### Materials provided ###

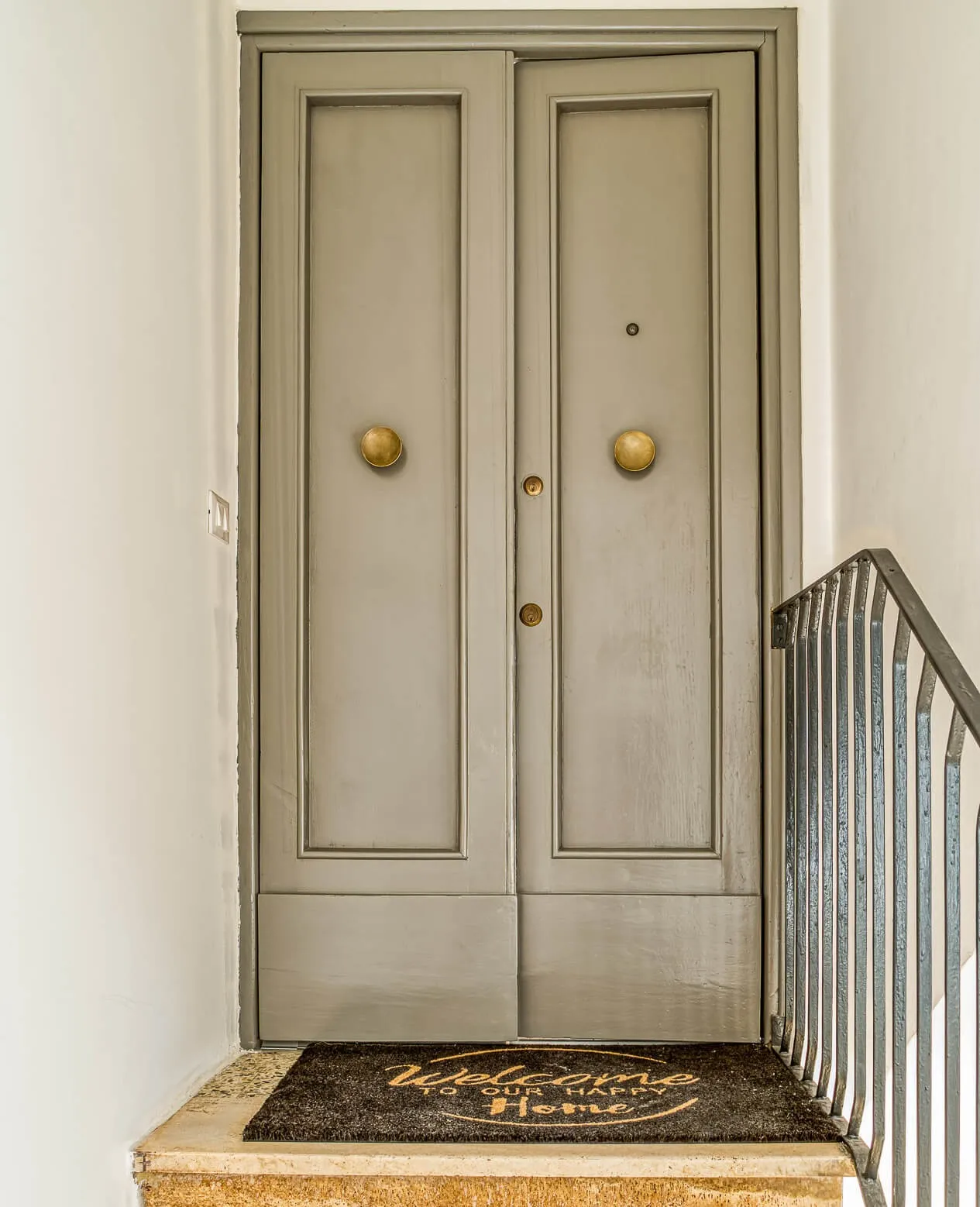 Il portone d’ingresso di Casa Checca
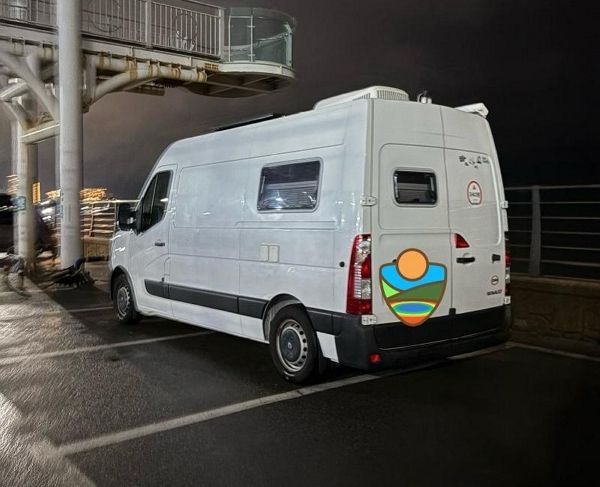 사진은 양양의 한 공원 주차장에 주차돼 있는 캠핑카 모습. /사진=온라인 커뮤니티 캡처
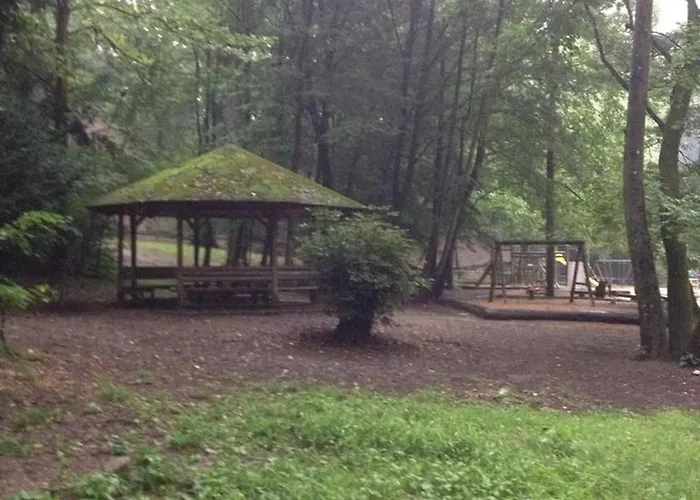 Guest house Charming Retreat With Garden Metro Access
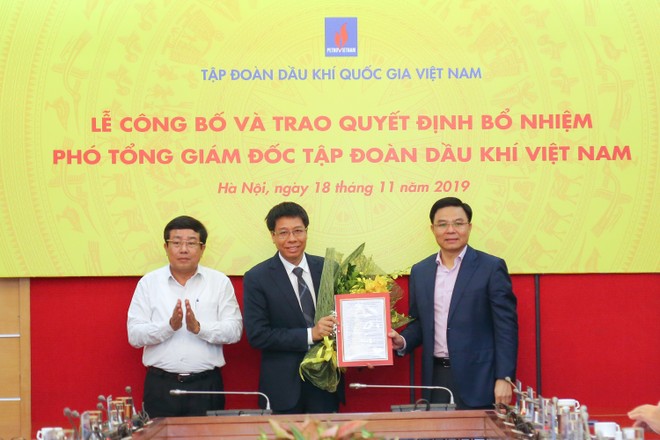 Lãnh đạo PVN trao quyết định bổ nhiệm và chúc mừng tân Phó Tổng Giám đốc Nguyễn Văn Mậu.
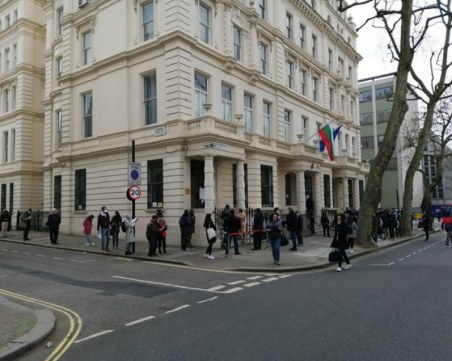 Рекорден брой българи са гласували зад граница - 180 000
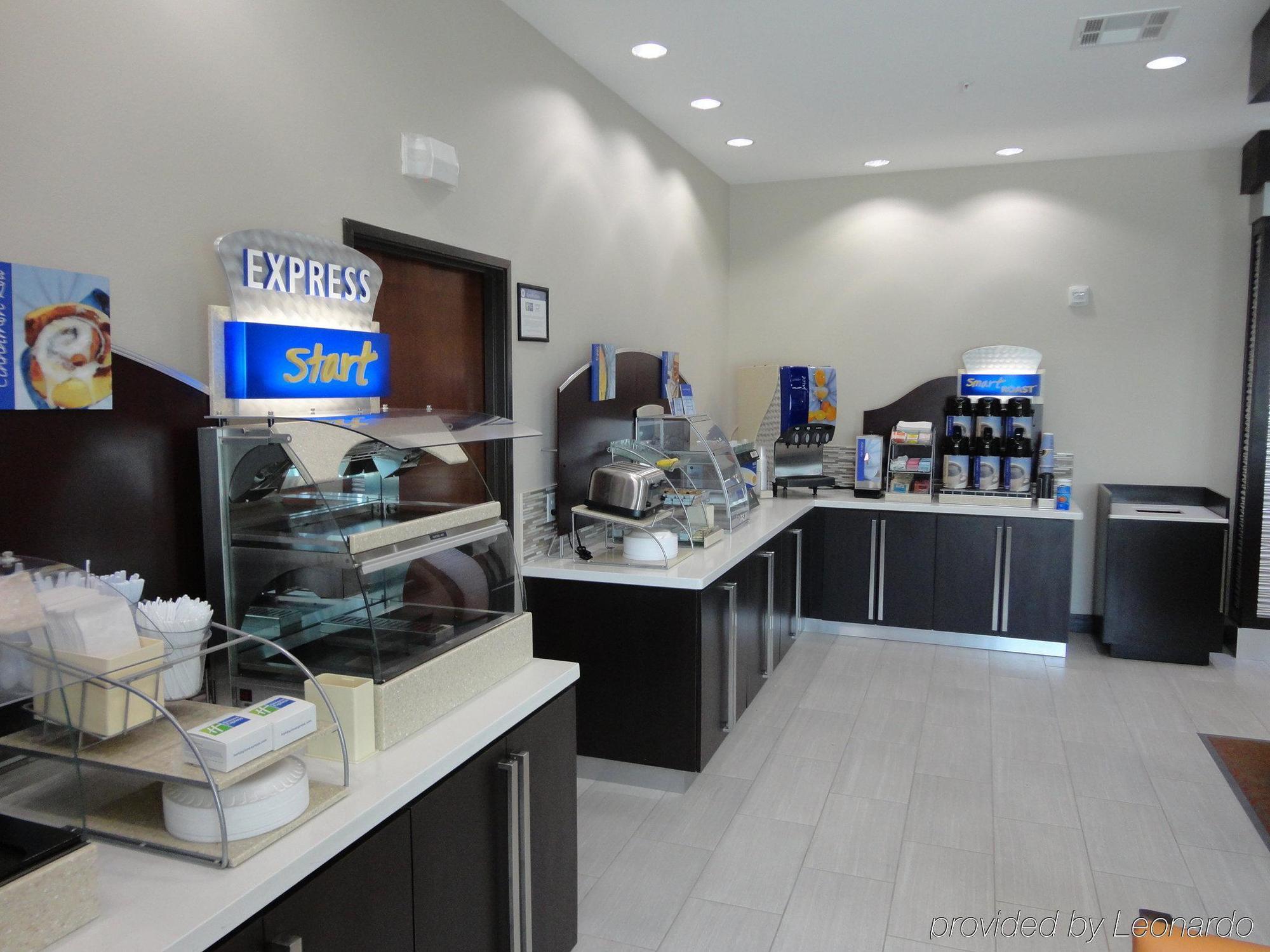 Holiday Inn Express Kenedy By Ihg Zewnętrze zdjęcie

###

» **What is being asked**:
All entries must be output exactly as they stand, and every picture must be left out.

» **Result of this exercise**:
 Il portone d’ingresso di Casa Checca
 사진은 양양의 한 공원 주차장에 주차돼 있는 캠핑카 모습. /사진=온라인 커뮤니티 캡처
 Guest house Charming Retreat With Garden Metro Access
 Lãnh đạo PVN trao quyết định bổ nhiệm và chúc mừng tân Phó Tổng Giám đốc Nguyễn Văn Mậu.
 Рекорден брой българи са гласували зад граница - 180 000
 Holiday Inn Express Kenedy By Ihg Zewnętrze zdjęcie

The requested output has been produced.